Après l’éthique appliquée, faisons un peu de méta-éthique.
Florian Cova et la morale par provision
Florian Cova, jeune star de la philosophie analytique francophone, a publié, il y a un peu plus d’un an, un article où il défend la nécessité d’une « morale par provision » (c’est-à-dire une morale provisoire). Cova imagine une personne désireuse de faire le bien : que doit-elle faire pour y arriver ? Suivre ses propres principes moraux ? Mais elle risque de se tromper, elle n’a aucune assurance quant à la validité des principes qu’elle compte appliquer, puisqu’il y a des « désaccords sur ce qui est bien ou mal, entre des individus par ailleurs tout ce qu’il y a de plus raisonnables », et même entre des philosophes (« tout le monde n’a pas le temps de se spécialiser en philosophie morale, écrit l’auteur, et même celui qui s’y spécialise ne peut être complètement certain de ses options, étant donné que des gens tout aussi intelligents et raisonnables que lui soutiennent des options incompatibles »). Dans cette situation d’ « incertitude morale[1] », et tant que les désaccords moraux ne sont pas résolus, il faudrait pouvoir dégager une morale pratique qui nous tienne lieu de guide d’action, et qui soit la plus consensuelle possible. C’est ce que Cova appelle « morale par provision ». Il en propose trois principes :
(I) Toutes choses étant égales par ailleurs, il vaut mieux ne pas faire ce qui est mal [ ; …]

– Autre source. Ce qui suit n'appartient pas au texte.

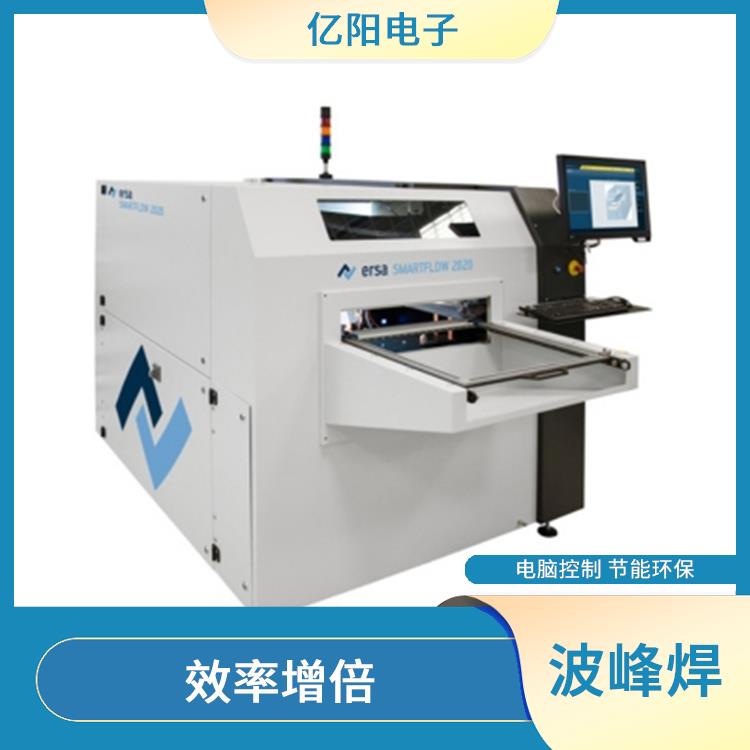 成都 新能源产品选择性波峰焊 效率增倍 参数均可设定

(II) Toutes choses étant égales par ailleurs, il vaut mieux ne pas faire ce qui est mal que faire ce qui est bien [ ; …]
(III) Toutes choses étant égales par ailleurs, plus les sacrifices nécessaires pour respecter une obligation morale sont élevés, plus il y a de chances pour que cette obligation ne s’applique pas dans ces circonstances, ou qu’il vaille mieux ne pas la remplir.
Après avoir expliqué ce qu’il entend par chacun de ses trois principes, Cova passe, dans une seconde partie de son article, à une tentative de mise en pratique, et examine successivement quatre figures à propos desquels on constate des désaccords moraux : le fait de mettre à mort des animaux pour des manger, l’avortement, l’euthanasie et le népotisme.
Morale théorique et morale pratique
Mais une telle démarche a, de façon évidente, une conséquence paradoxale : elle conduit à distinguer deux sphères de moralité, dont seule l’une (la « morale par provision ») serait susceptible de guider réellement nos actions. On peut donc, à la place de l’opposition entre « morale » et « morale par provision », proposer une opposition entre « morale théorique » et « morale pratique ». Seulement, une « morale théorique », c’est presque une contradiction dans les termes : d’après la logique de Florian Cova, il y aurait un certain nombre d’énoncés moraux auxquels on devrait dénier tout impact pratique. La question « Cela est-il moral ? » et la question « Que dois-je faire ? » appelleraient donc, à suivre notre auteur, deux types de réponse différente.
[Piste possible pour une objection, mais qui ne me convainc pas vraiment moi-même : la morale théorique perdrait sa capacité à guider nos actions, mais demeurerait pertinente pour évaluer moralement les actions d’autrui. Mais alors pourquoi seulement celles d’autrui, et pas les siennes propres ?]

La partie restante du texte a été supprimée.